In the early ’90s, Laurence Canter and Martha Siegel were immigration lawyers in Scottsdale, Arizona who liked to post in online chat groups. Users kept asking them for legal advice, which gave the duo an idea: advertise their firm on chat groups!
The problem? Back then, the first rule of online etiquette was “thou shalt not post ads.” A rule Canter and Siegel broke when they sent out a post that said for a fee, they’d help users obtain green cards. The ad went to over 5,000 chat groups — the first commercial spam in history.
And as with spam today, people hated it. Canter and Siegel’s email account was flooded with hate mail. Their Internet provider terminated their service. And a guy in Norway created a program specifically to destroy Canter and Siegel’s spam.
But the couple didn’t back down. They claimed they made $100,000 off their little ad, and soon started a company to help other companies make spam.
Canter was later disbarred for illegal advertising practices, but the cat was out of the bag: Last year, about 67 percent of all email was spam.
The Unsubscribe
Sent in by Craig Fury, bartender at SideBar in Phoenix, Arizona (just a hop away from Scottsdale).
Ingredients:
- 1.5 ounces Bulleit Bourbon
- 1/5 ounce orange juice
- 3/4 ounce Domaine de Canton ginger liqueur
- A few shakes Mas Mole Bitters from AZ Bitters Lab
- A squeeze of agave nectar
- A splash of fresh sweet and sour
Instructions:
Drop into a rocks glass and fill with soda water. Garnish with an orange shaving. Serve to customer, then follow up with a ceaseless string of other, terrible drinks the customer doesn’t want and didn’t order.

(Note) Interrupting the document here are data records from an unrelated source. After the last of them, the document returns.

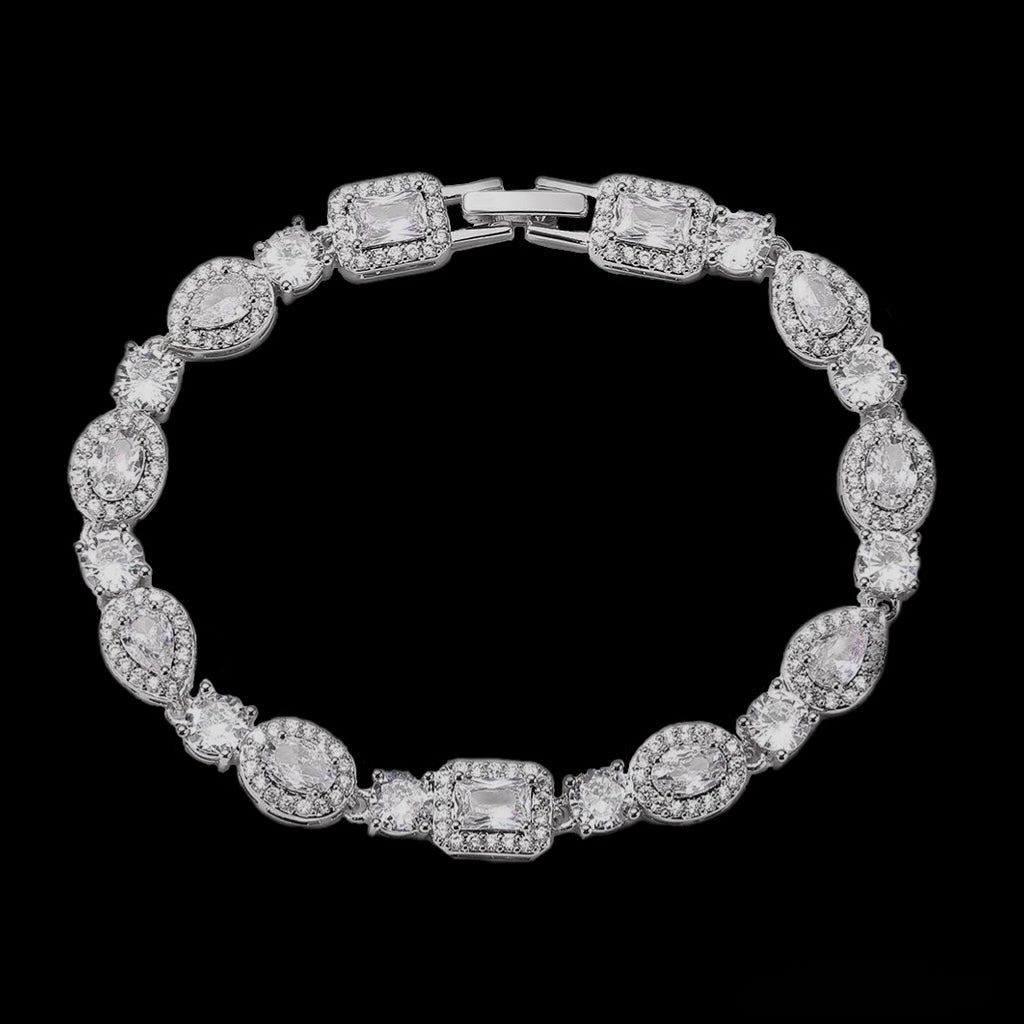 Multi Stone Bracelet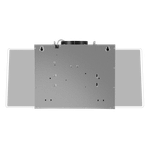 Кухонная вытяжка MAUNFELD EAGLE 850 90 Glass White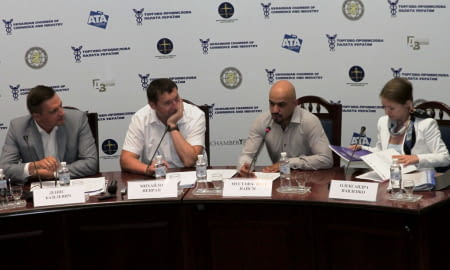 У ТПП УКРАЇНИ ОБГОВОРИЛИ ОПТИМАЛЬНУ МОДЕЛЬ ВРЕГУЛЮВАННЯ ЛОБІЮВАННЯ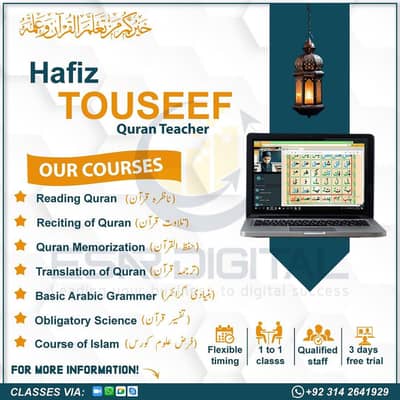Online Qur'an Academy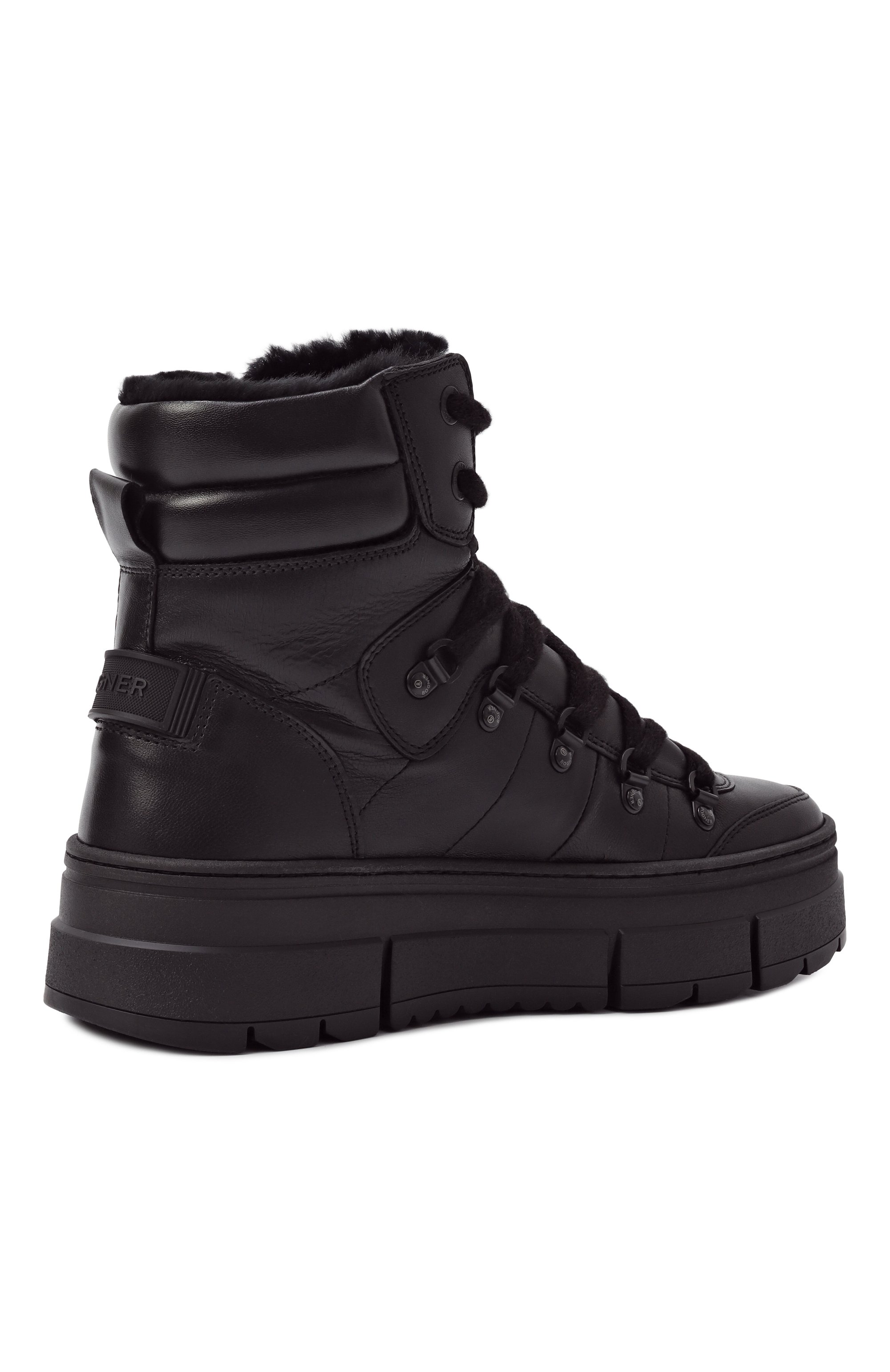 Кожаные ботинки vaduz BOGNER, арт. 22546403, фото 5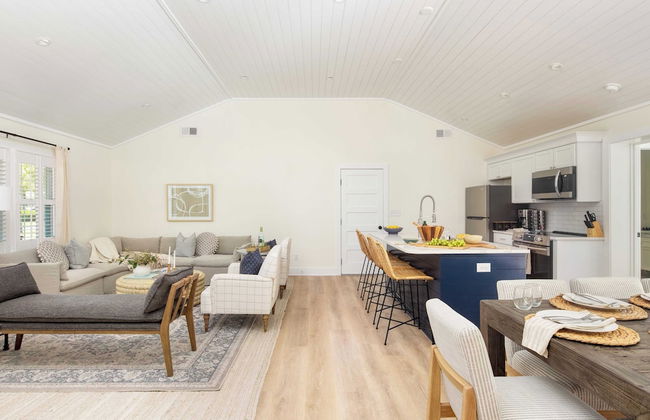 Sawyer by Avantstay Stunning Isle Of Palms Home w/ Pool! - Foto 10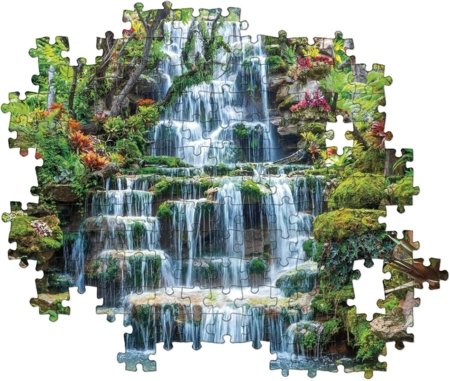CLEMENTONI PEACE PUZZLE dėlionė, 500 det., 35121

Bonus Cocktail: You’ve Got Nail(ed)
Foisted upon the world by Rich Moe of Citizen Public House in Scottsdale, AZ – the birthplace of spam.
In a large punch bowl, add ice (thick-cubed if possible) and pour in:
- 4 ounce Drambuie
- 8 ounce white whiskey
- 1 bottle sparkling wine
- 18 ounce fresh squeezed lemonade
Share with everyone at the table, repeatedly and against their will, until they begin to ignore/delete/prosecute you.